La partenza é stata alle 4 di notte, con una giornata calda davanti a noi.
Gli iniziali quattro chilometri erano un sali e scendi su asfalto, per scaldare le gambe, anche se le mie non ne volevano sapere. Iniziato il sentiero, oltre alle gambe, la testa non partiva.
I primi 8 km sono stati difficilissimi, molto piú che la fine. Ho dovuto lottare contro il mio costante pensiero di ritiro e contro la voglia di provare a spingere. Ma no, dovevo stare calma e gestire quel momento. Sapevo che sarebbe passato.
Arriva l’alba, ero in cima alla salita e davanti a me un lungo tratto di sali e scendi a mezza costa. Il terreno preferito dove potevo correre e far girare le gambe. E lì qualcosa si sblocca, lì capisco che ero dove volevo essere e stavo facendo ciò che amavo fare.

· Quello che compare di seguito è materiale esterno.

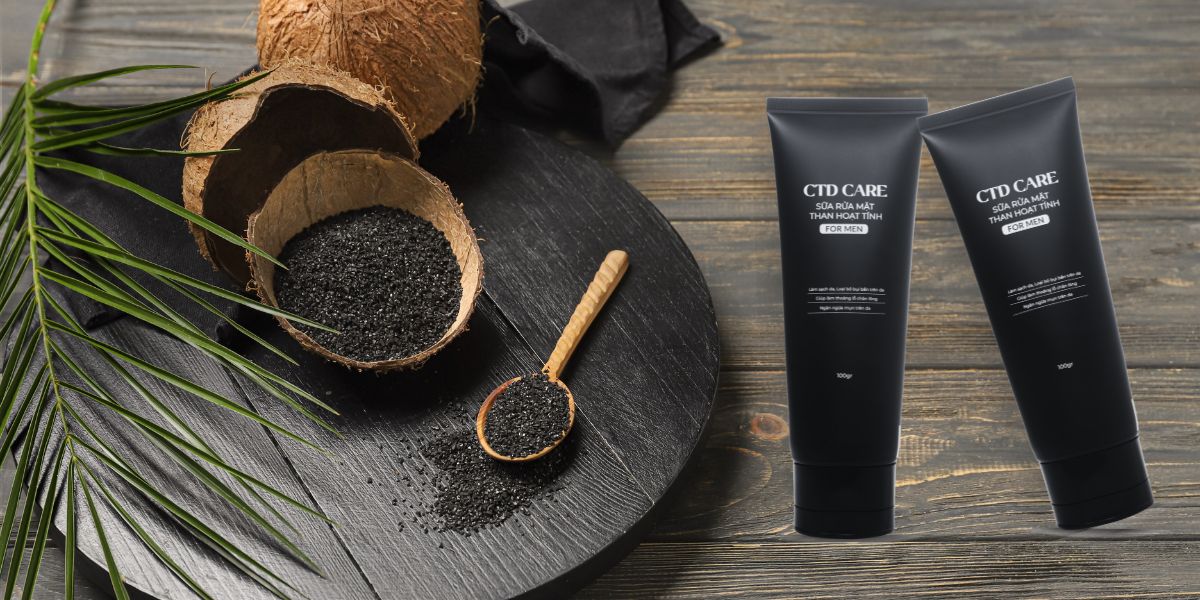 SỮA RỬA MẶT THAN HOẠT TÍNH CTD Care for men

Il resto è stato semplice. Sapevo cosa fare in ogni km, quando mangiare e quando fermarmi. Sono andata contro i miei istinti di fare tutto veloce ai ristori e mi sono presa i tempi giusti per riposare. Ho gestito a meraviglia i primi 56 km, andando in controllo per poi spingere e recuperare tempo e posizioni nella seconda metà di gara.
Salite e discese si alternavano costantemente, passando tra sentieri e pascoli. Non dimenticare un importante zig zag su salita, facendo lo slalom tra i paravalanghe. 5 km e circa 1500 D+ di visioni ed allucinazioni.

Gli ultimi 20 km sono stati caratterizzati da una lunghissima discesa dapprima sotto la parete dell’Eiger, poi tra rocce e single track fino a Grindelwald, anzi se dobbiamo essere piú precisi, fino al parcheggio dove avevo lasciato il furgone. A quel punto pensi di essere arrivato… Invece no! Ti lasciano assaporare il sapore del traguardo per farti nuovamente salire di circa 400 D+ e ributtarti giú da un’ampia strada bianca. E finalmente arrivi. Senti la musica, l’incitamento ed il profumo di avercela nuovamente fatta.

Corri come se non avessi appena fatto 100 km, con il sorriso da ebete e la luce negli occhi. Corri consapevole di aver fatto qualcosa, che fai fatica a spiegare, ma sai di aver chiuso anche questa volta un’altra esperienza di vita vissuta a mille.